=== Begin Enclosure ===
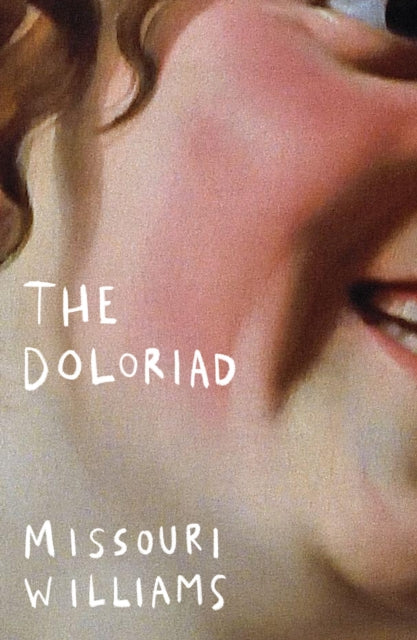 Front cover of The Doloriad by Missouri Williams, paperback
=== End Enclosure ===
=== Begin Enclosure ===
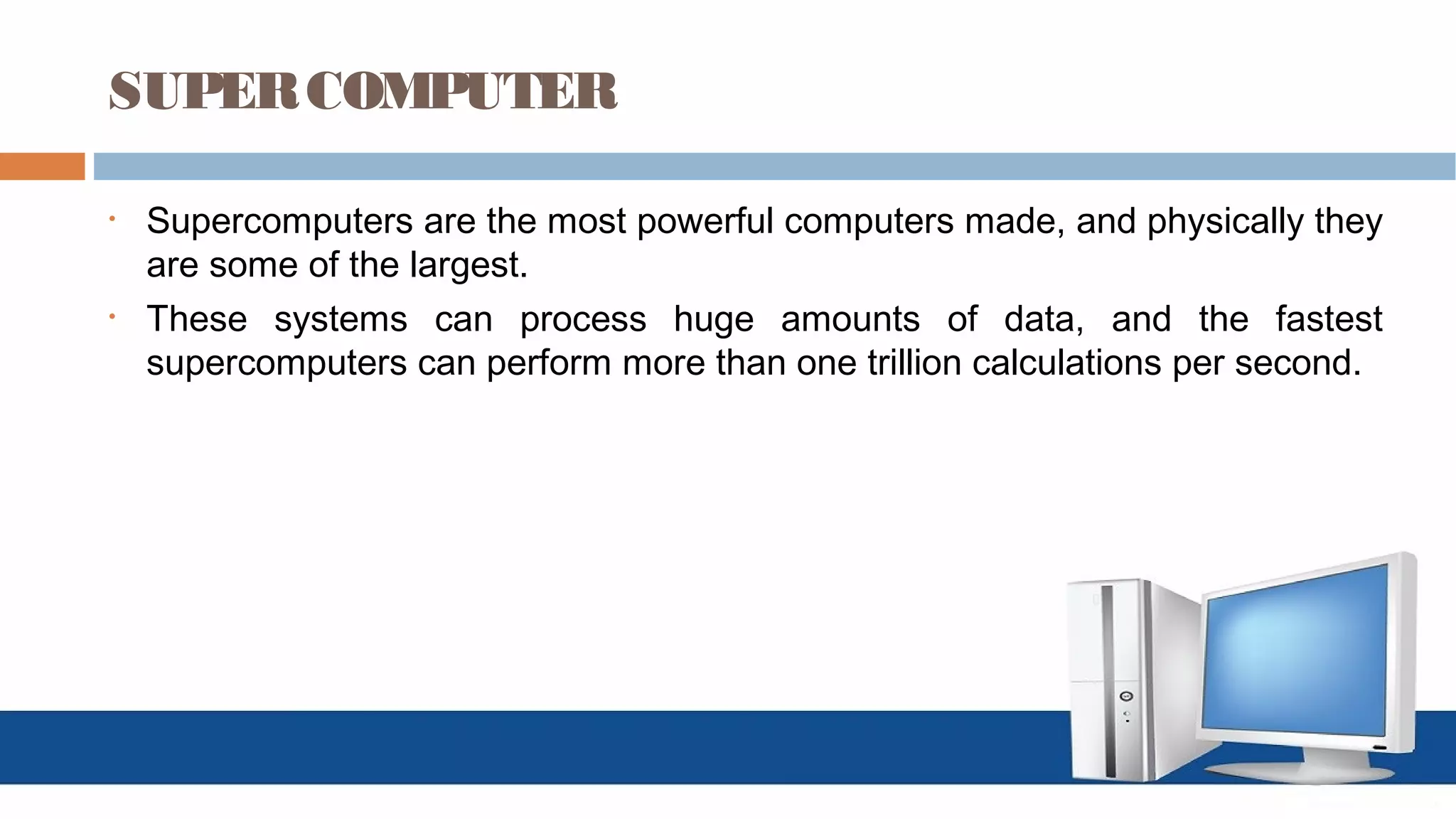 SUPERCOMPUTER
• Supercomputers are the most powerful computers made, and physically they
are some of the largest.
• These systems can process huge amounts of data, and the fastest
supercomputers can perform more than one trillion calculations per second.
=== End Enclosure ===
## WORK ORDER
Can you repeat, word for word, every line above from the one containing "and physically they" down to the one containing "supercomputers can perform", including both?

## OUTPUT BELOW
• Supercomputers are the most powerful computers made, and physically they
are some of the largest.
• These systems can process huge amounts of data, and the fastest
supercomputers can perform more than one trillion calculations per second.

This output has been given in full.